"""

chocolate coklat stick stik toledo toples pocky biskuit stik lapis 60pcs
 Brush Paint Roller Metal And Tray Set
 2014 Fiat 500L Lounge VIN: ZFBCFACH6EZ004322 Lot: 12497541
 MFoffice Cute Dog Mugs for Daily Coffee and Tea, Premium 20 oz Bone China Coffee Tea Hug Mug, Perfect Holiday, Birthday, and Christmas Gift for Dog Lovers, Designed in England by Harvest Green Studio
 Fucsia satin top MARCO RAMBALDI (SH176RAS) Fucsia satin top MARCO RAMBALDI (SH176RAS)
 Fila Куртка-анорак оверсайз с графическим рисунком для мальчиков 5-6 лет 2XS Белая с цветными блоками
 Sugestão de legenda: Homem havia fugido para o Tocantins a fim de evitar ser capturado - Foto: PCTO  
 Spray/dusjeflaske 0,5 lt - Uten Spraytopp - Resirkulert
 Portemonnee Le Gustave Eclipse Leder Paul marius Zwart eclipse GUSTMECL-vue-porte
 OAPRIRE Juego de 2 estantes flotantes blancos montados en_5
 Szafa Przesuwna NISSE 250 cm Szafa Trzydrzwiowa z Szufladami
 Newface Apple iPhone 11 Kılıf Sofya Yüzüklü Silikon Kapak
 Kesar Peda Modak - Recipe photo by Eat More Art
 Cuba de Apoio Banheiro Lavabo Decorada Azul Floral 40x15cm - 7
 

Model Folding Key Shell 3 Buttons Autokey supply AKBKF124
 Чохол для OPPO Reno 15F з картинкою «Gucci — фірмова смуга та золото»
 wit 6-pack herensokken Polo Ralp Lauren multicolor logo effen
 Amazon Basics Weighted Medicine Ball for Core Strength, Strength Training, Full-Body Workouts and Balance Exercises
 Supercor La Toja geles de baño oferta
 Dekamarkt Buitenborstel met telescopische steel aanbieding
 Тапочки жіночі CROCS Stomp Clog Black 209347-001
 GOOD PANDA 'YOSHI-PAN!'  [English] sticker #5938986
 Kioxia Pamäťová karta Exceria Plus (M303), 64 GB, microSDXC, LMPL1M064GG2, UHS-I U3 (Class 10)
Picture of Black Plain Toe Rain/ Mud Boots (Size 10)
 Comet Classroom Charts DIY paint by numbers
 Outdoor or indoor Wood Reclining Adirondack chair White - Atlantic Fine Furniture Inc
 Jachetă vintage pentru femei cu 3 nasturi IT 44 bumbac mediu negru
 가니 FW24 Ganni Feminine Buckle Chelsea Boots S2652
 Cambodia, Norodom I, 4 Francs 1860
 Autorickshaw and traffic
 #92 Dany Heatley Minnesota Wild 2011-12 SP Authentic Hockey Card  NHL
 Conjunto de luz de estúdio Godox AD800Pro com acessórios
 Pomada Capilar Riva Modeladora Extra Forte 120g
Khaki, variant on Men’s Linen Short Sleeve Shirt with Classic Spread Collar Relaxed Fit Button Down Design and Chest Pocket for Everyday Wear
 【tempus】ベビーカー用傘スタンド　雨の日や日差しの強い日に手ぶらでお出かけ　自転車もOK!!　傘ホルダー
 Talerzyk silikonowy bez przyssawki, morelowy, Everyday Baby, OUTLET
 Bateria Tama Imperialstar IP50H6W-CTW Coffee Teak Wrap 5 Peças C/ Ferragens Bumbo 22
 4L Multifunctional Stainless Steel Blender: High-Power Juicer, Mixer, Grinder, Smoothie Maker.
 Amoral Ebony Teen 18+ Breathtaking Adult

"""

Work request:
Make a copy of each line in the records above that has the word "Black".

Finished task:
 Тапочки жіночі CROCS Stomp Clog Black 209347-001
Picture of Black Plain Toe Rain/ Mud Boots (Size 10)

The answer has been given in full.